Cubes
by Queue
Story Notes: Written in November 2004 for the Ice challenge on ds_flashfiction, and for Aerye.
"Ah, shitshitshit...yeowch! Kowalski, godammit, this shirt is fucking silk!"
Perfect timing. By the time Vecchio untwists from the knot he's tied himself into trying--and failing--to get at the ice cubes I slipped down his back when he wasn't looking, I'm lounging at my desk, boots crossed on top of it, relaxed and ready to go. I think about trying for an innocent look to go with the pose, but decide (1) I can't pull it off and (b) it's not worth it anyway: a smirk'll be so much more irritating, and irritating Vecchio is the name of the game today. And hey, I'm thinking it worked, because I'm getting the patented Vecchio Is Pissed stare, which means I've gotten under his skin enough to disturb that undercover-blues persona of his, that too-hip-to-be-square thing he thinks he's got going on when we all know where he's been and what he grew up running away from.
Sure enough, he's falling for it, starting toward me, smoke coming out his ears. "Kowalski, you asshole, if you've ruined this shirt I swear I'm gonna strangle you with it. Are you bored or something? Not enough crime in Chicago to occupy your tiny brain, so you gotta create some by ruining my shirt? Tired of jerking off in the men's room? Left your knitting at home? Jesus-- "
"Vecchio!" Welsh is standing in the door of his office, arms crossed, standard-issue Ray-wrangling look on his face. I manage not to look at him--took me a while to get out of that habit, believe me, but I finally kicked it, and not a minute too soon. "I sympathize, reluctantly, with your desire to preserve your wardrobe from Detective Kowalski's tender ministrations. However, I do not sympathize with your desire to do so in the middle of my bullpen, where some of your fellow cops are actually trying to earn their daily pay. Take it outside, gentlemen, and don't bring it back in until you've gotten it out of your systems."
Fine with me--exactly what I was shooting for, though I'm not gonna say so--so I stand up and walk past Vecchio, right through his personal space, still smirking at him.
"Coming, Vecchio?"
Out of the corner of my eye I can see Vecchio's fists clench, and I'm betting he's got his mouth open, ready to argue--with me, with Welsh, with anyone dumb enough to open his mouth right now. But I've been watching Vecchio, and I've got his number: scratch his tough-guy surface and the obedient little Catholic boy's right there, ready and waiting. When push comes to shove, Vecchio does what he's told. This time's no exception: I can hear him behind me, breathing hard, practically stomping in those expensive shoes. I laugh at him, just loud enough that he can hear, and the stomps get louder--but they don't stop, which pretty much proves my point.
First thing he does once we're out back is pull his shirt out of his pants and shake the rest of the ice out onto the ground. I lean back against the wall, one foot up and my hands in the pockets of my jeans, and just watch the show. I sneaked a pretty good handful down past his collar--long skinny fingers have a lot of uses--so some of the cubes are still whole, but not many. Looks like one or two went even farther than I'd hoped, because now he's worked a hand down the back of those pants and the look on his face says there's ice in some brand new places.

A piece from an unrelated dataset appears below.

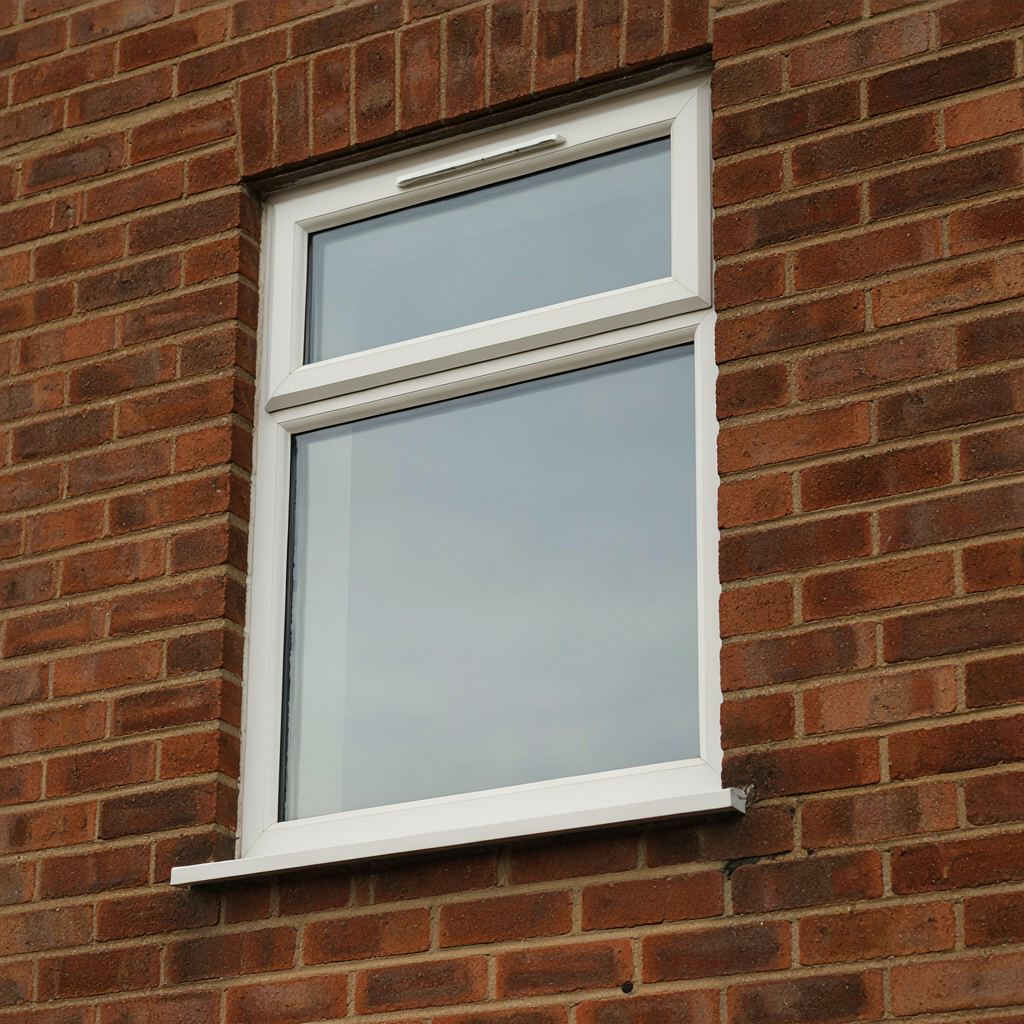 Detailopname van een wit kunststof draai-kiepraam met geïntegreerd ventilatierooster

"Of all the juvenile tricks to pull-- What is it with you, Kowalski? You got a problem with me? Because Jesus, you just can't keep your hands off of me for a fuckin' second, can you."
There it is--the perfect opening, and my mum didn't raise any idiots, so...
"Nope," I say.
I wait for it to sink in. Three...two...one...bingo, he's got it, he's there. I can see the jolt run through him, a quick shock to the system; his head comes up so fast I'm thinking he'll have a little whiplash later and he freezes, staring at me hard, not blinking. I raise an eyebrow and push my hips out towards him, just a little, just to make sure he's getting the full story--he's a little slow sometimes, I don't want to confuse him.
God, I love this part, this point where I've made all the moves I'm gonna make and the other guy's gotta decide: fight? or fuck? I'm pretty sure I know which way Vecchio'll jump--like I said, I've been watching him for a while now--but hey, if he takes a swing at me I can handle that, too. It'll go my way in the end.
Vecchio's moving again, moving my way, one hand closed around the last piece of ice he rescued, and his mouth's tight and his eyes are slitted and his cock--I take a quick look to check--is hard enough to prove he dresses left. Hah. Fuck and fight, then. Suits me fine. When he gets close enough he opens both hands, dropping the ice, and shoves me in the chest, hard. But - surprise, surprise - there's no follow-up punch. Instead, he leaves his hands on me, leaning his weight on them, breathing with a little whine in it now. He's still staring at me, and his hands are rubbing circles around my nipples, and the cold wetness is sinking into my shirt the way I bet it's done all down his back.
I was right. Vecchio wants this; he wants it as much as I do. He may not know it yet, but he's working it out.
And when he does?
Fuck ice: there's gonna be fireworks.